→ What you need to do:
Output the listing below verbatim, but drop the images.

→ Dataset section:
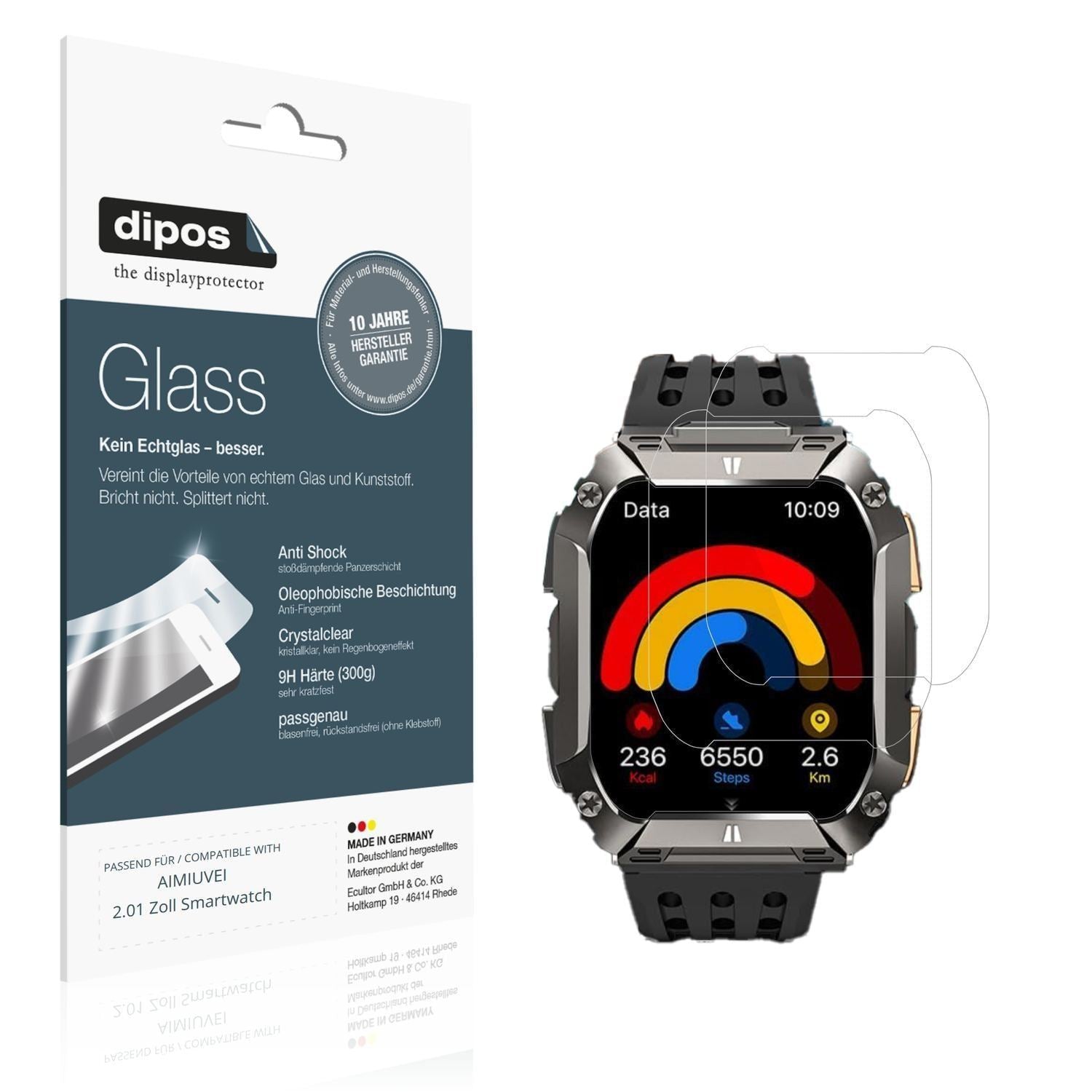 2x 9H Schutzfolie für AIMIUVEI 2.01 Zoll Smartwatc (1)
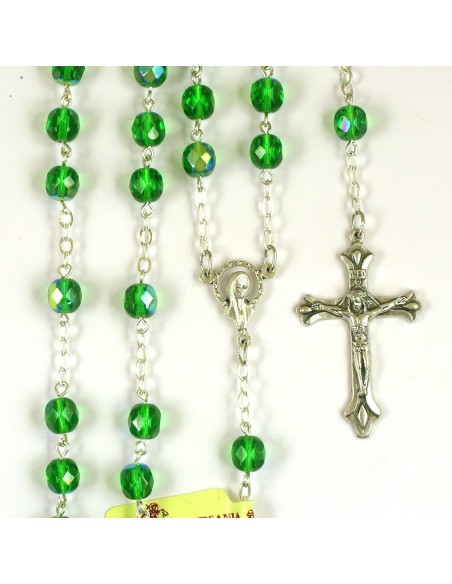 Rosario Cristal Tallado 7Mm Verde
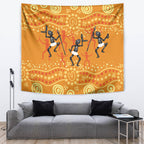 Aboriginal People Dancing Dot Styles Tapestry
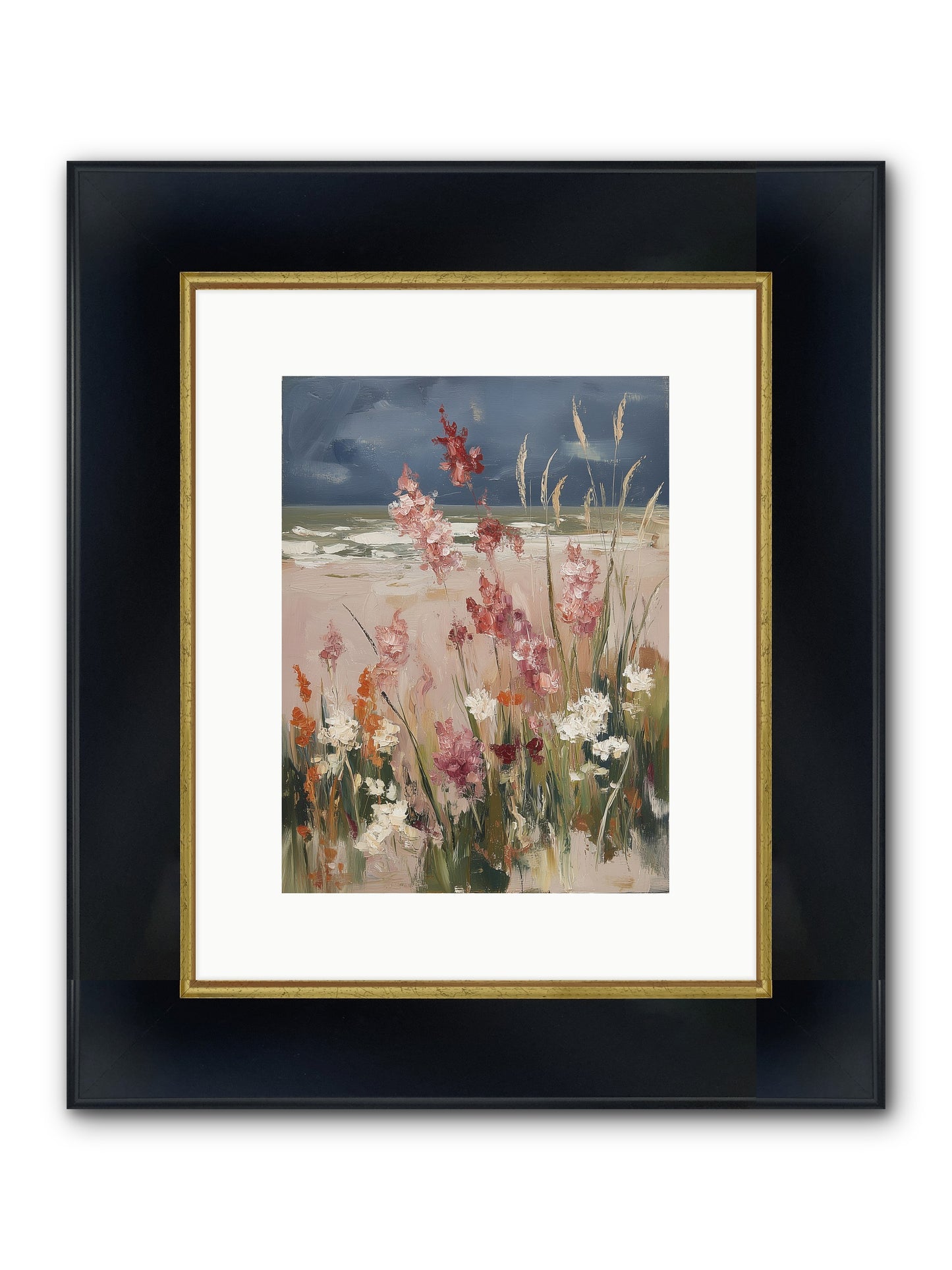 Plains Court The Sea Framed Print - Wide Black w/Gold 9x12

→ Result for this task:
 2x 9H Schutzfolie für AIMIUVEI 2.01 Zoll Smartwatc (1)
 Rosario Cristal Tallado 7Mm Verde
 Aboriginal People Dancing Dot Styles Tapestry
 Plains Court The Sea Framed Print - Wide Black w/Gold 9x12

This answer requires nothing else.